Farzan Sheikh was in his bedroom doing his ninth-grade math homework when he heard a commotion outside. It was late in the afternoon of March 28, 2017, and a funeral procession was passing by in his neighborhood in Srinagar, in the part of Kashmir that’s administered by India.
Curiosity drew the then 16-year-old into the street, where he glimpsed a shrouded corpse carried by mourners. Then he heard pro-Kashmir slogans and saw Indian police use tear gas and pellet-firing shotguns to scatter the crowd.
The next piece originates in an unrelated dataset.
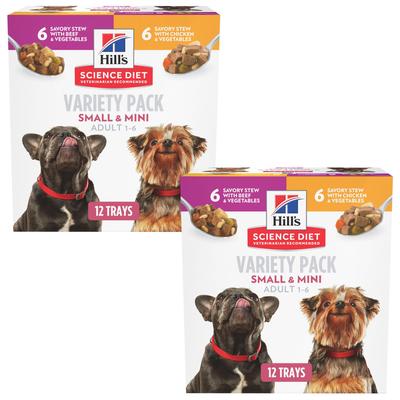 Adult Small Paws Chicken & Vegetables & Beef & Vegetables Variety Pack Wet Dog Food Trays, 3.5-oz, case of 24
Sheikh ran toward the narrow alley leading to his home.
“I saw a policeman with a gun aiming at me, and he shot directly at me,” he said. “That was the last thing I saw.”
The schoolboy fell to the ground, bleeding from his left eye; the left side of his abdomen and his neck and chest were pierced with countless lead pellets. A stranger on a scooter rushed him to Srinagar’s SMHS Hospital, the main state-run facility, where his parents found him.
Sheikh had been shot with a weapon that Amnesty International has asked India to ban. Each pellet gun cartridge contains up to 630 metallic fragments that disperse indiscriminately. Indian security forces use the weapons to quell unrest without deadly force, but the pellets still can maim people.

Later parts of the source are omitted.